If the data is not skewed, the non-parametric z-score is computed for Signed-rank test (Wilcoxon signed-rank test not Wilcoxon rank-sum test).

Statistic

Interpretation

\(\overrightarrow{x}\)

data \(^{\dagger}\)

\(|x_i-\eta_0|\)

absolute difference between data values and null value

\(T\)

ranks of the computed difference (excluding difference = 0 )

\(T^+\)

sum of ranks \(\eta_0\); Wilcoxon signed-rank statistic

\(n_U\)

number of values in data not equal to \(\eta_0\)

z_statistic, z

z = \(\frac{T^+ - [n_U(n_U+1)/4]}{\sqrt{n_U(n_U+1)(2n_U+1)/24}}\)

Using z look up table for standard normal curve which will return its corresponding p.

4. Report and Answer the question, based on the p-value is the result (true H0) statistically significant?

Answer is not provided by the class but it is up to the person viewing the reported result.
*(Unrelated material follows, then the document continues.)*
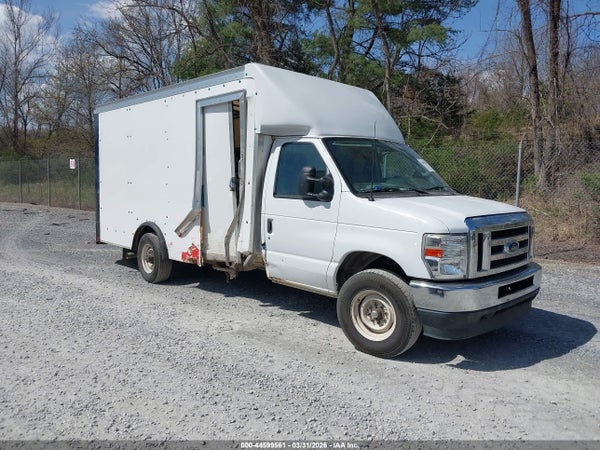 2022 Ford E-350 Cutaway
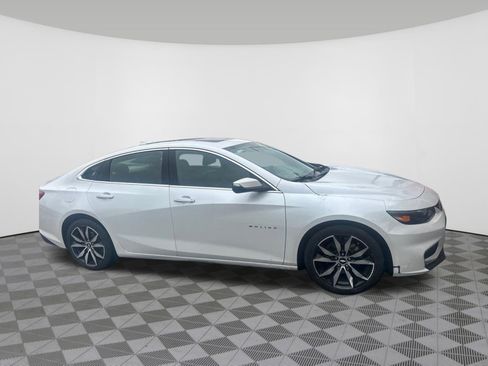 Used 2016 Chevrolet Malibu LT w/ Leather Package FWD image 6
The reports are obtained calling the attributes .statistics and .description. This is illustrated below.

ht = HtestAboutMedians( observation, prediction, score,
                        side="less_than" ) # side is optional
score.description = ht.outcome
score.statistics = ht.statistics

Arguments

Argument

Representation

Value type

first

experiment/observation

dictionary that must have keys;

“median”,”sample_size”,”raw_data”

second

model prediction

float or Quantity array

third

(keyword)

about test

dictionary with keywords: “name”: string (“sign_test”,

“signed_rank_test”);

“z_statistic”: float; “side”: string (“not_equal”,

“less_than”, “greater_than”);

and any additional names that is specific to the test

This constructor method generated statistics and outcome (which is then assigned to descirption within the validation test class where this hypothesis test class is implemented).

static alternate_hypothesis(side, symbol_null_value, symbol_sample_statistic)

Returns the statement for the alternate hypothesis, Ha.

get_below_equal_above(data)

Set values for the attributes .below, .equal, and .above the null value, \(\eta_0\) = .specified_value.

static null_hypothesis(symbol_null_value, symbol_sample_statistic)

Returns the statement for the null hypothesis, H0.

test_outcome()

Puts together the returned values of null_hypothesis(), alternate_hypothesis(), and _compute_pvalue(). Then returns the string value for .outcome.